BRIEF: Given these entries, repeat exactly the lines starting with the one that has "Bild 3 von Herren" and going on through the one that has "Мойка ML-GM31 КОМФОРТ", both included, but none of the pictures.

GIVEN DATA:

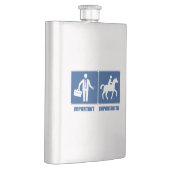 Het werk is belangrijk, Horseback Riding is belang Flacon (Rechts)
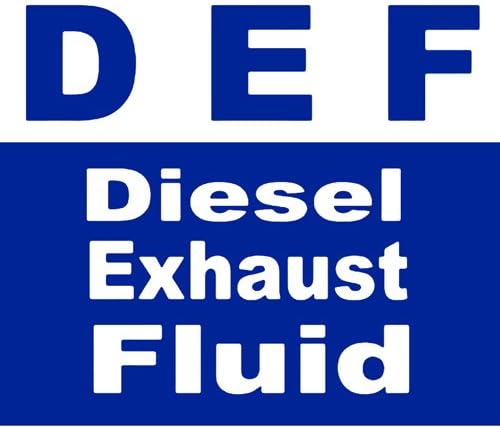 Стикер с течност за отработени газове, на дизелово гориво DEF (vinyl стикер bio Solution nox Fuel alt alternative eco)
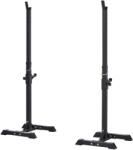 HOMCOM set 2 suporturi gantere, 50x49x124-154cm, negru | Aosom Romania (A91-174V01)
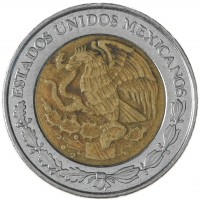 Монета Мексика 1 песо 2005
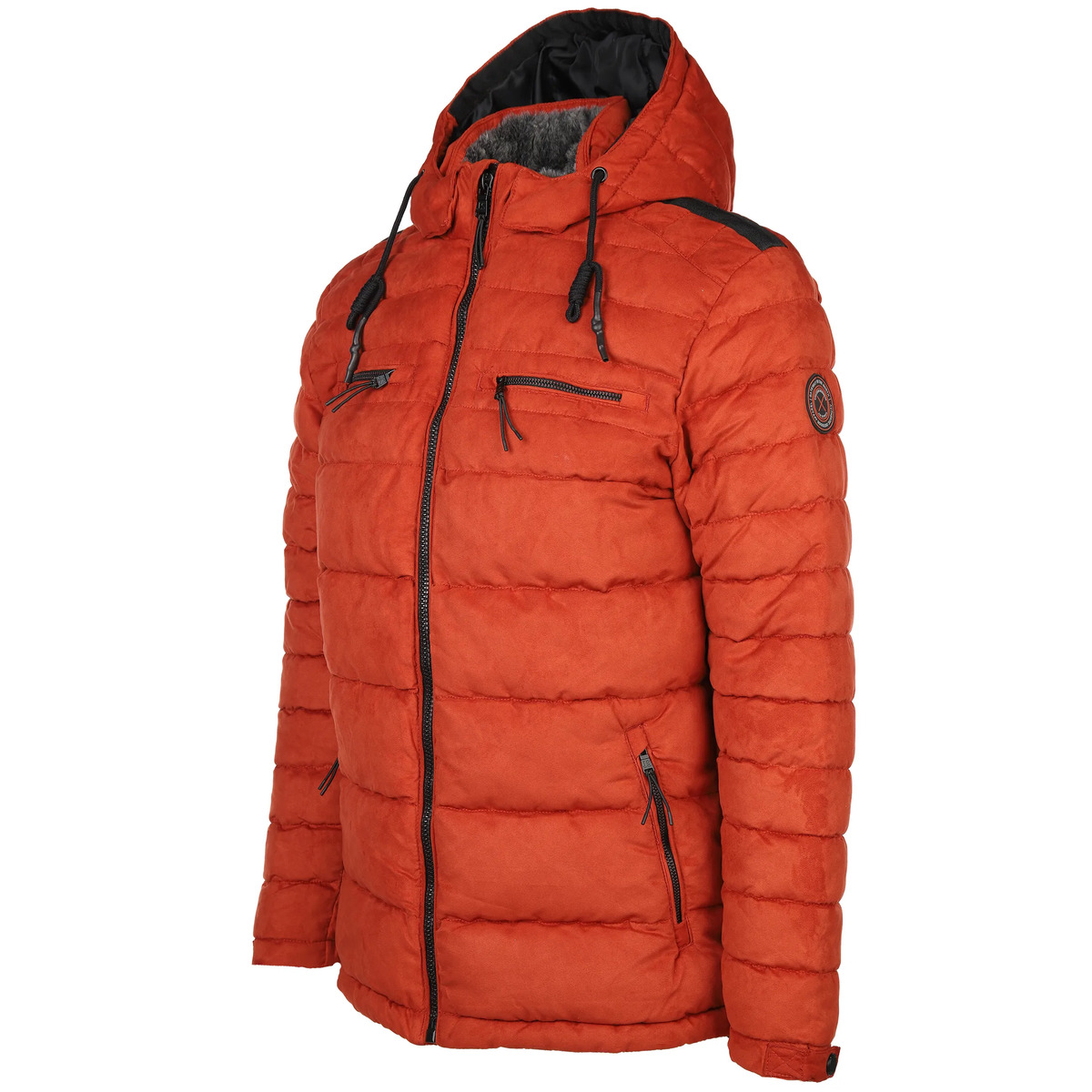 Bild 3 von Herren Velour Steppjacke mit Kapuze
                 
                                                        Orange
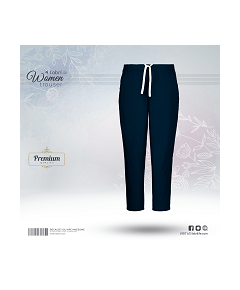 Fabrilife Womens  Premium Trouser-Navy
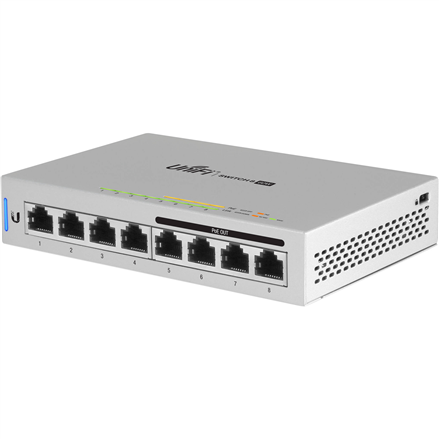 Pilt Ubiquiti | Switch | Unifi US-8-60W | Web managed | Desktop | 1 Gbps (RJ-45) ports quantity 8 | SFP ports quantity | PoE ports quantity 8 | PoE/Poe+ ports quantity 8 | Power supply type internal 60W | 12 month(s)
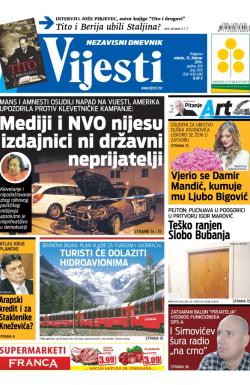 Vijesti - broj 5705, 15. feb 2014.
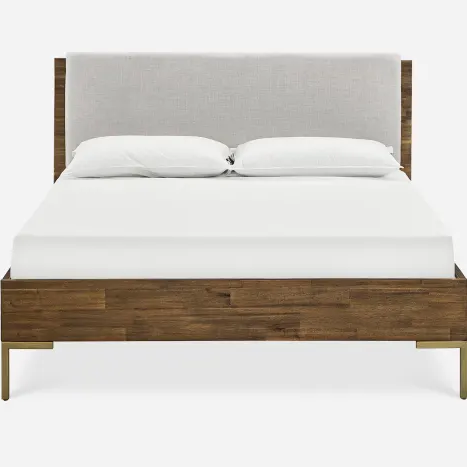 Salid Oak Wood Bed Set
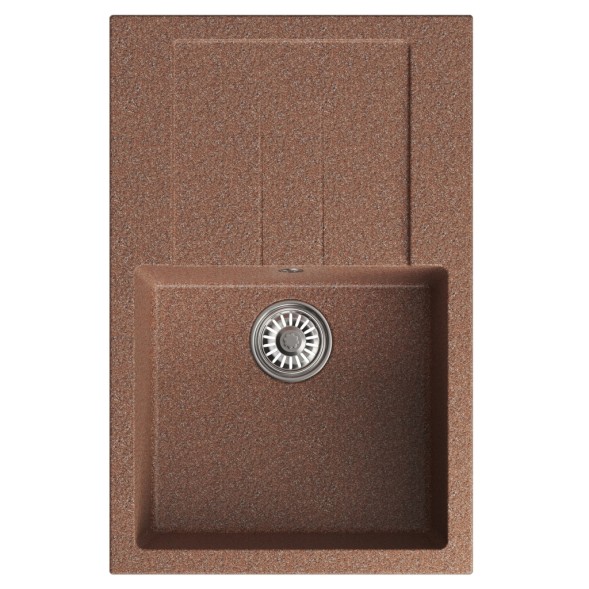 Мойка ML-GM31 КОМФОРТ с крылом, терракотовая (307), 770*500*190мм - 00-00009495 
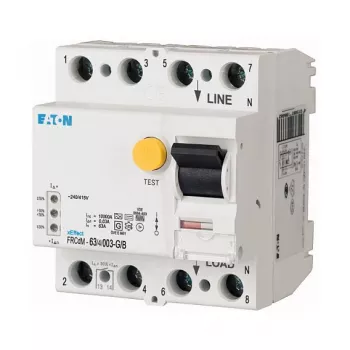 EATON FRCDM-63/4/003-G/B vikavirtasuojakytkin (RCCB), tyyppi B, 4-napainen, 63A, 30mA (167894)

RESULT FOR THIS TASK:
 Bild 3 von Herren Velour Steppjacke mit Kapuze
                 
                                                        Orange
 Fabrilife Womens  Premium Trouser-Navy
 Pilt Ubiquiti | Switch | Unifi US-8-60W | Web managed | Desktop | 1 Gbps (RJ-45) ports quantity 8 | SFP ports quantity | PoE ports quantity 8 | PoE/Poe+ ports quantity 8 | Power supply type internal 60W | 12 month(s)
 Vijesti - broj 5705, 15. feb 2014.
 Salid Oak Wood Bed Set
 Мойка ML-GM31 КОМФОРТ с крылом, терракотовая (307), 770*500*190мм - 00-00009495 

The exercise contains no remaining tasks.